一曲结束,餐厅回归了最开始的平静,程朔猛地回神,玻璃倒映出一条颀长的影子,在停顿后,动身向这里逐渐靠近。

他错失了离开的最好机会。

或许潜意识里,不想再当一个逃兵——他知道傅纭星早已经发现他了。

当脚步最终停在桌前,程朔不得不仰头,与傅纭星机械般冰冷的眼眸对视。

真好看——这居然是冒上来的第一个念头。

周围有几道目光扫来。

意外、不解,以为半途离开的钢琴家是在进行某项额外表演。

傅纭星清俊的脸庞一半沉在阴影里,“吃完了吗?”

程朔一愣,没想到他的第一句话会是这个。

“......嗯。”

没有预料中的争吵、质疑,震惊与失望,相反,下一秒他就被傅纭星拽起手腕拉到了身后,一道毫无波澜的声音横隔在他们与柏晚章之间:“多谢叔叔帮忙照顾,我先带他回去了。”

程朔意外地扭头,可只看见傅纭星笔直的下颌线。

柏晚章收敛了笑意,问道:“不继续弹了吗?很好听。”

“我会和经理请假。”

“没有吃过晚饭的话可以和我们一起,”柏晚章说,“本来我和程朔有些事情要谈,正好想起你在这里,顺道接你下班。”

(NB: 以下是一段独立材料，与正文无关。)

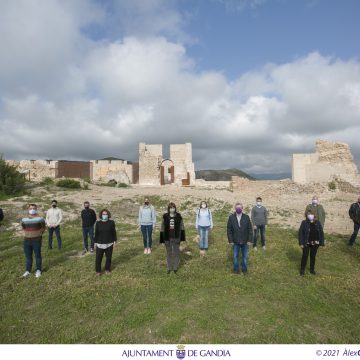La Corporació municipal de Gandia visita el Parc Arqueològic del Castell de Bairén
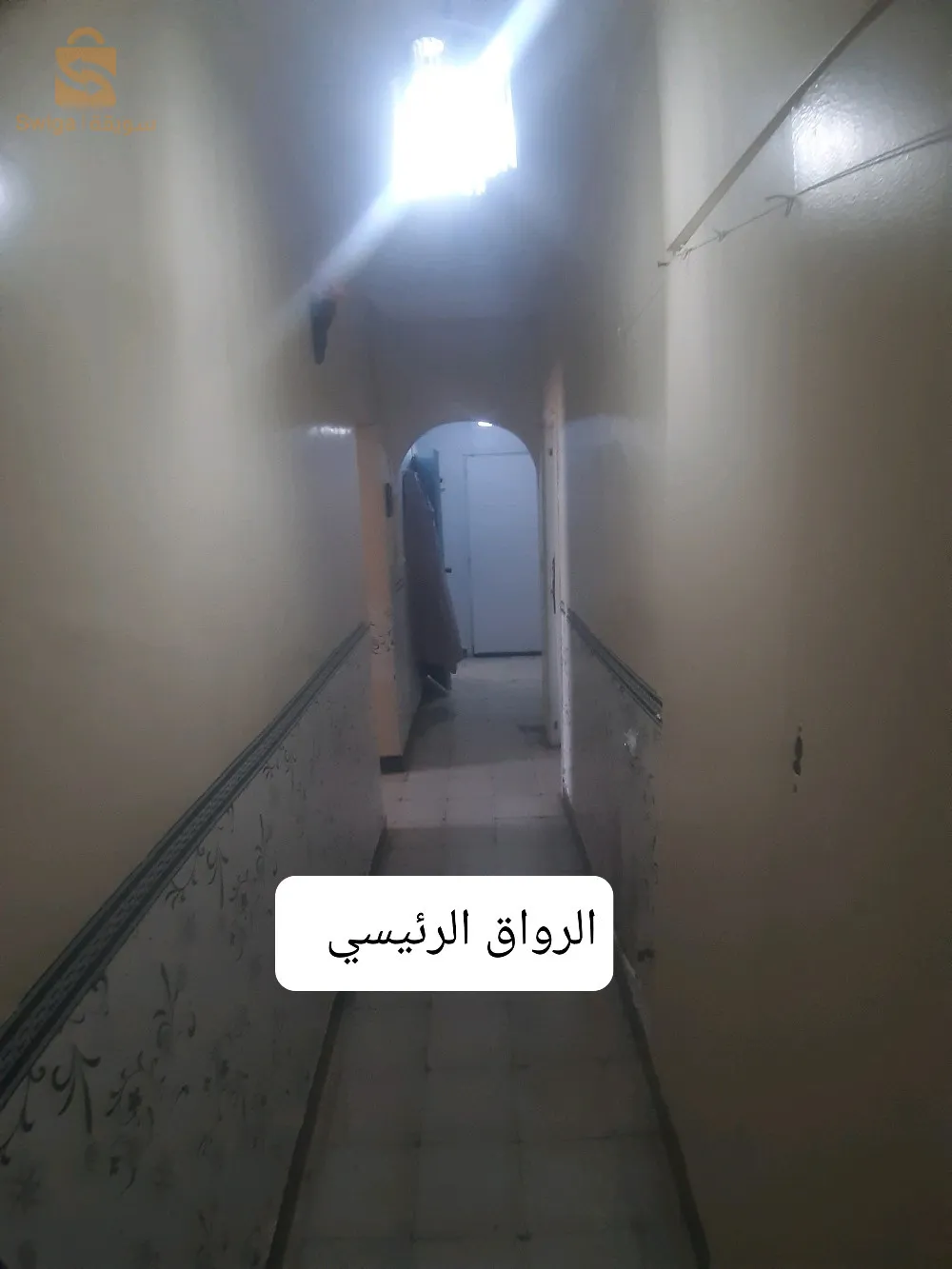 شقة طابق 4 و اخير  منظر رائع يطل على المدينة و البحر و الميناء  جورة ممتازة  توفى كل ملتزمات  المعيشة  و 
Parking امام العمارة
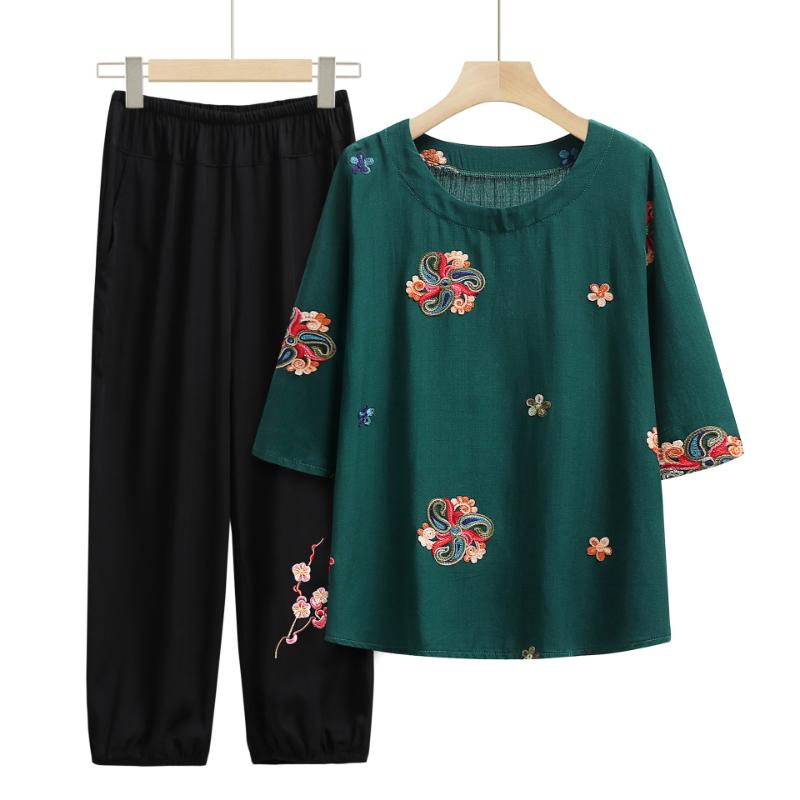 Summer Two-Piece Set Short-Sleeved Embroidered T-Shirt Top Ankle-Length Pants Women Suits Mothes Clothes XL-6XL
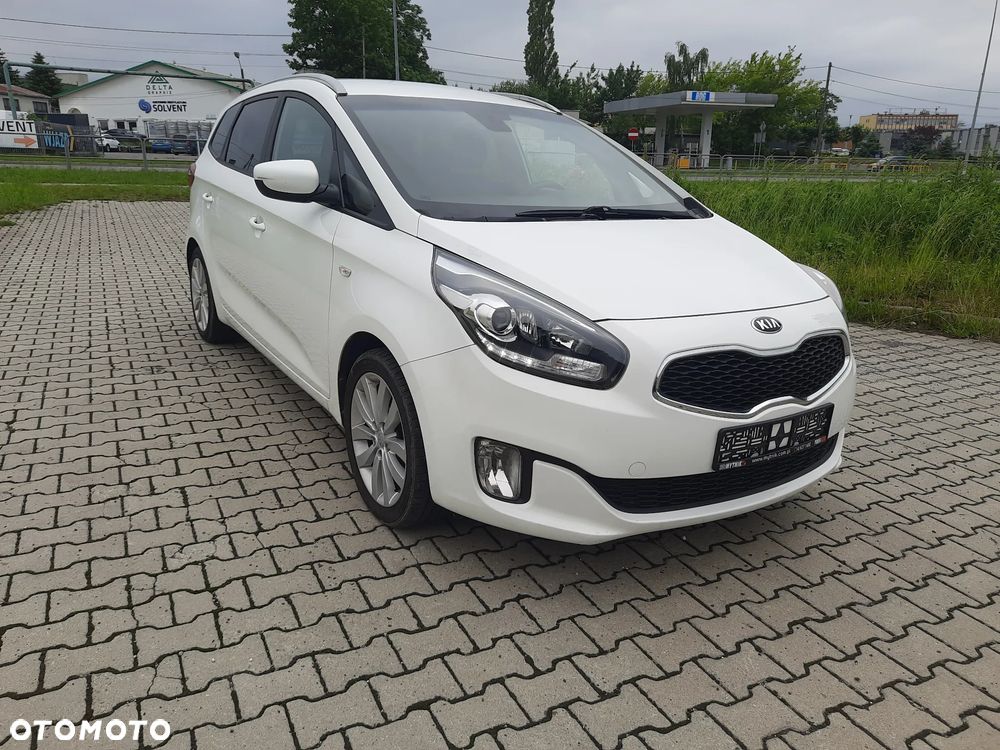 Kia Carens 1.7 CRDi M EU6 - 23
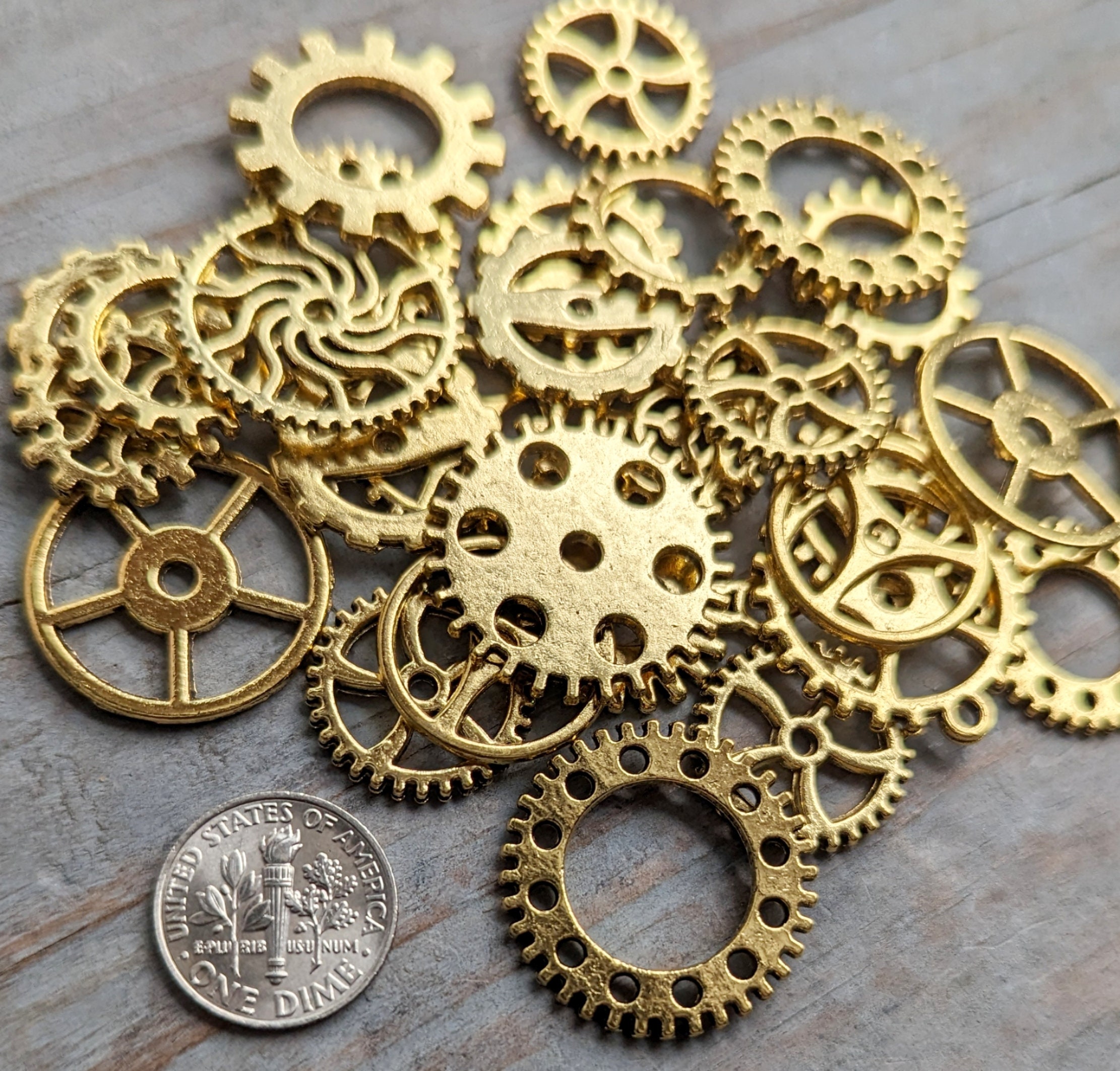 BIHRTC 100 Gram Assorted Antique Steampunk Gears Charms Pendants Clock  Watch Wheel Alloy Metal Gear Steampunk Accessories Cog for Crafting Jewelry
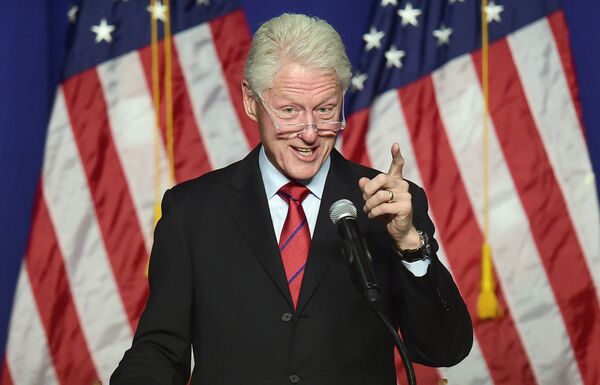 Bill Clinton Bill Clinton - Sputnik Moldova-România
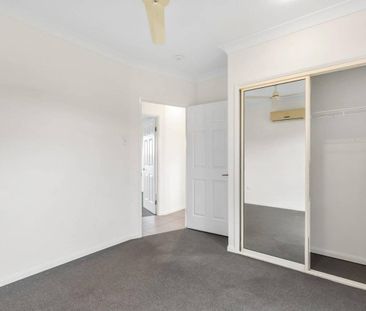 Spacious 4-Bedroom Family Home - Photo 6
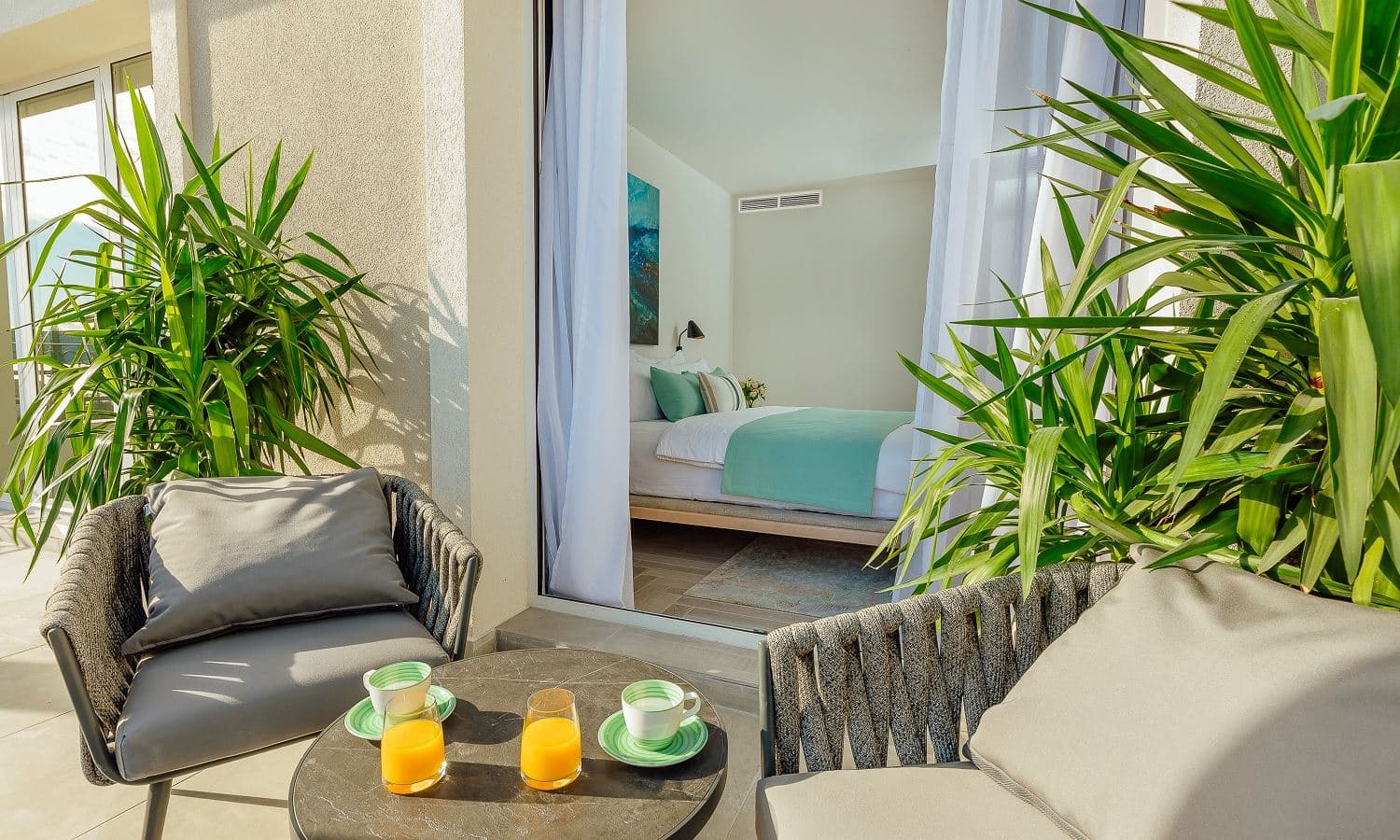rooms-deluxe-room-historical-building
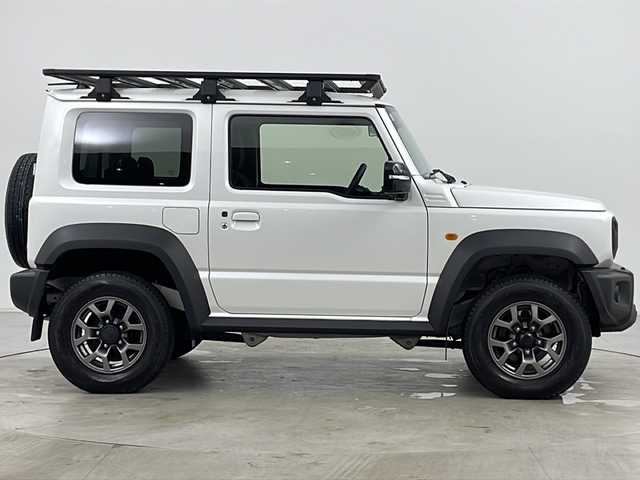 スズキ ジムニー シエラ JC 道央・札幌 2023(令5)年 1.9万km ピュアホワイトP ・4WD/・純正ナビ（TV＆CD＆DVD＆BT＆SD）/・バックカメラ/・スズキセーフティサポート/・アイドリングストップ/・クルーズコントロール/・ステアリングスイッチ/・へッドライトウォッシャー/・ルーフキャリア/・純正ドライブレコーダー（前後）/・ビルトインETC/・スマートキー/・オートライト/・LEDライト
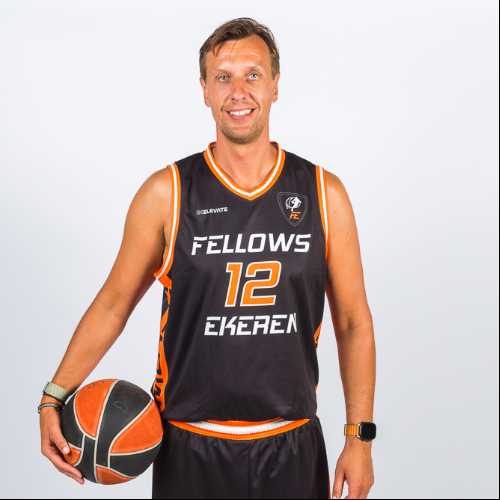 Kevin HOLT  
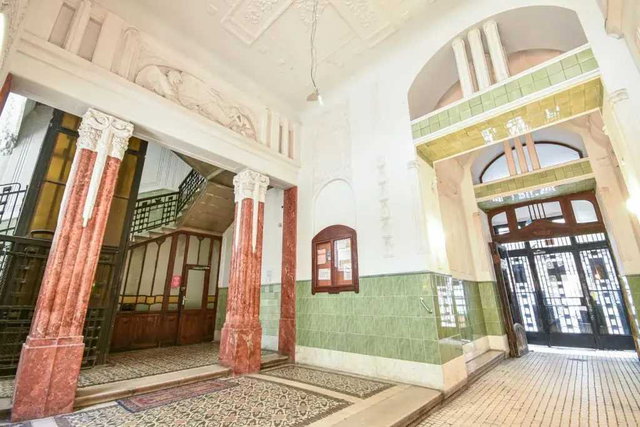 Eladó téglalakás, Budapesten, VI. kerületben, Hajós utcában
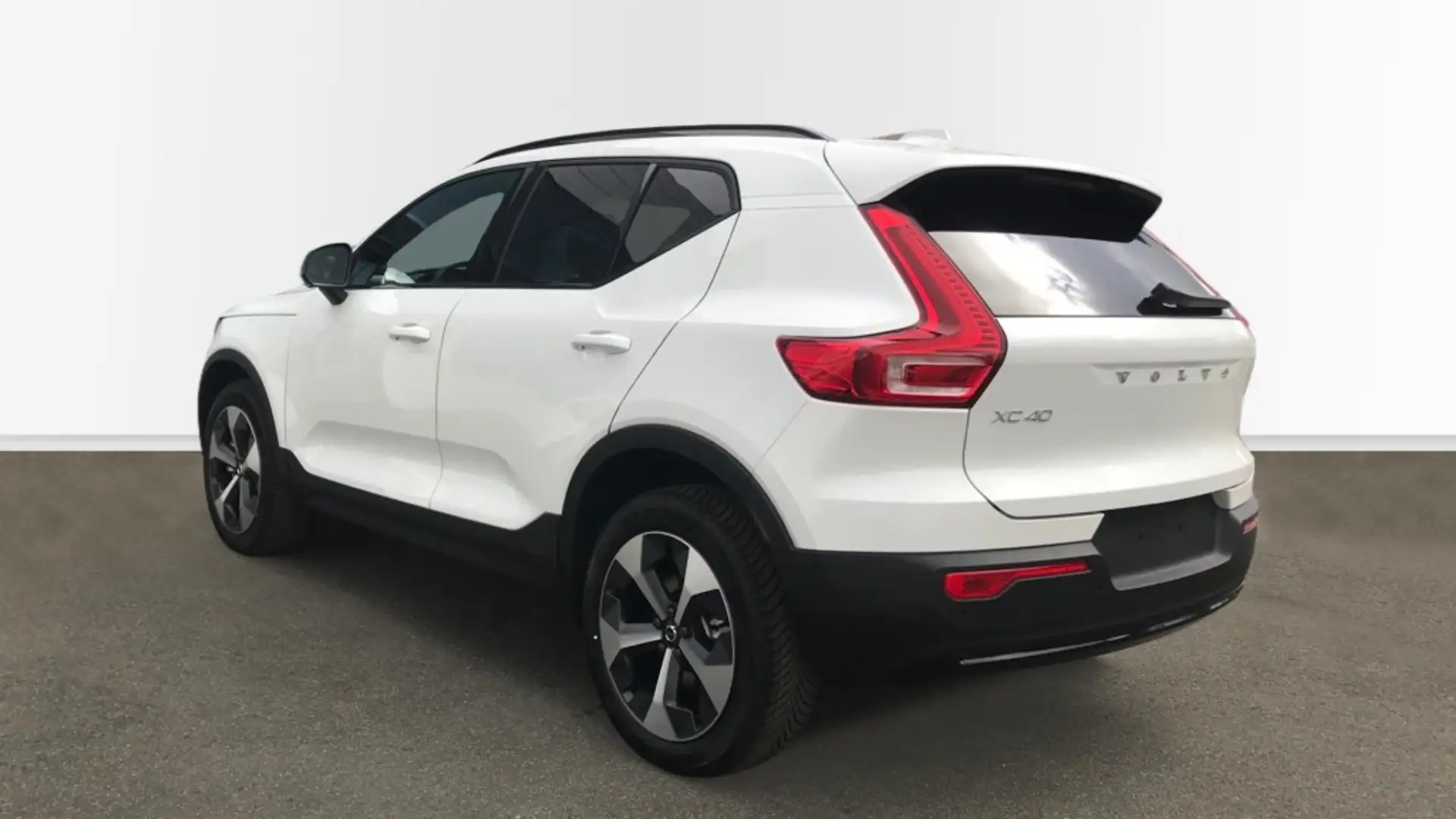 Volvo XC40 PLUS B3 MILD HYBRID GASOLINA DARK - 2
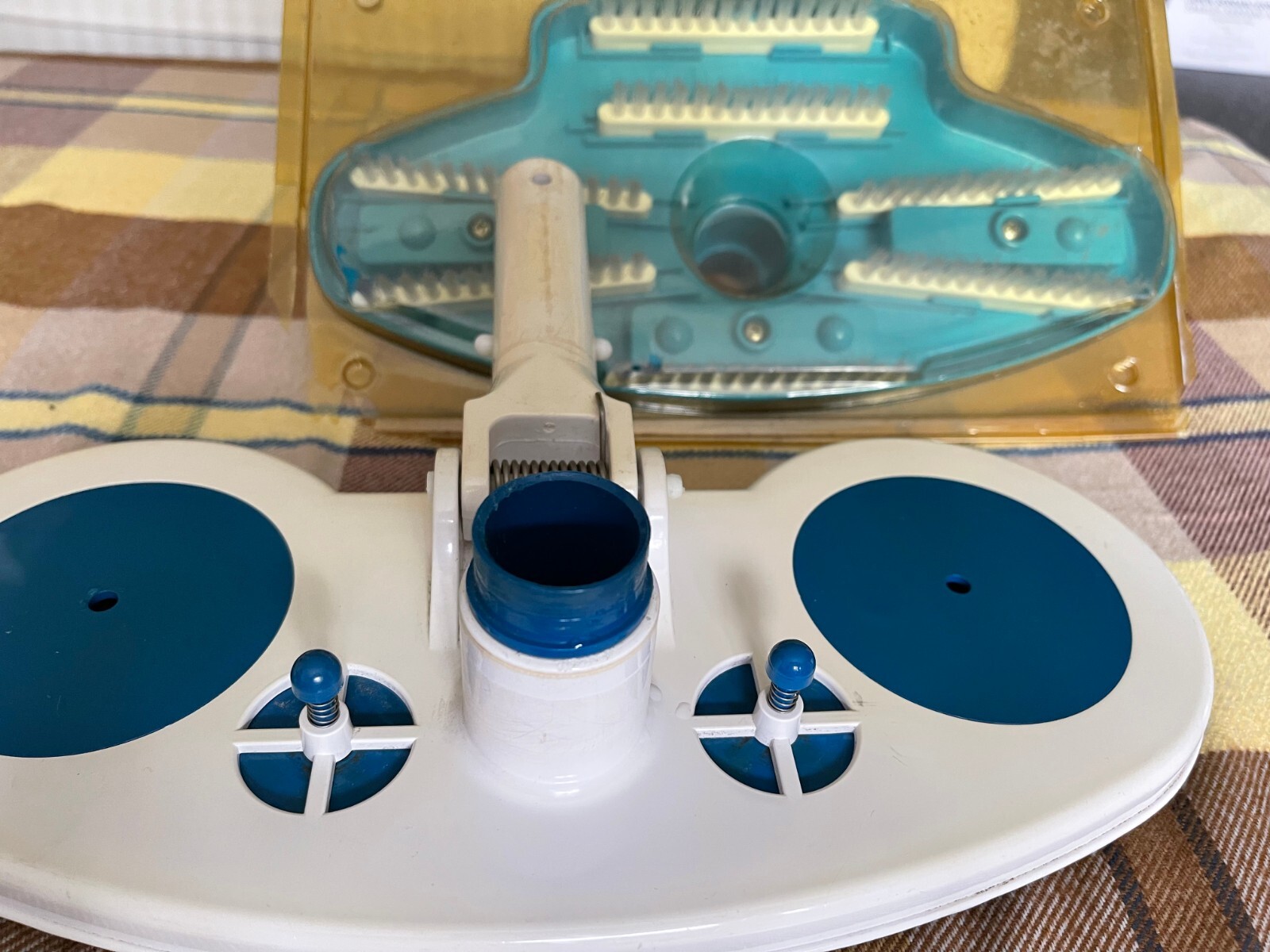 AQUA MATE Vinyl Liner Vac Head Set of 2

“不必了,”傅纭星扯动了一下唇角,“不过还是谢谢叔叔带他过来,您费心了。”

程朔感觉柏晚章的安之若泰已经被接连几个‘叔叔’冲刷了个干净,发生在这里的变故惹来了周围更多注意。身穿燕尾服的傅纭星太过扎眼,或者说,三人之间的气氛实在难以让人不多想。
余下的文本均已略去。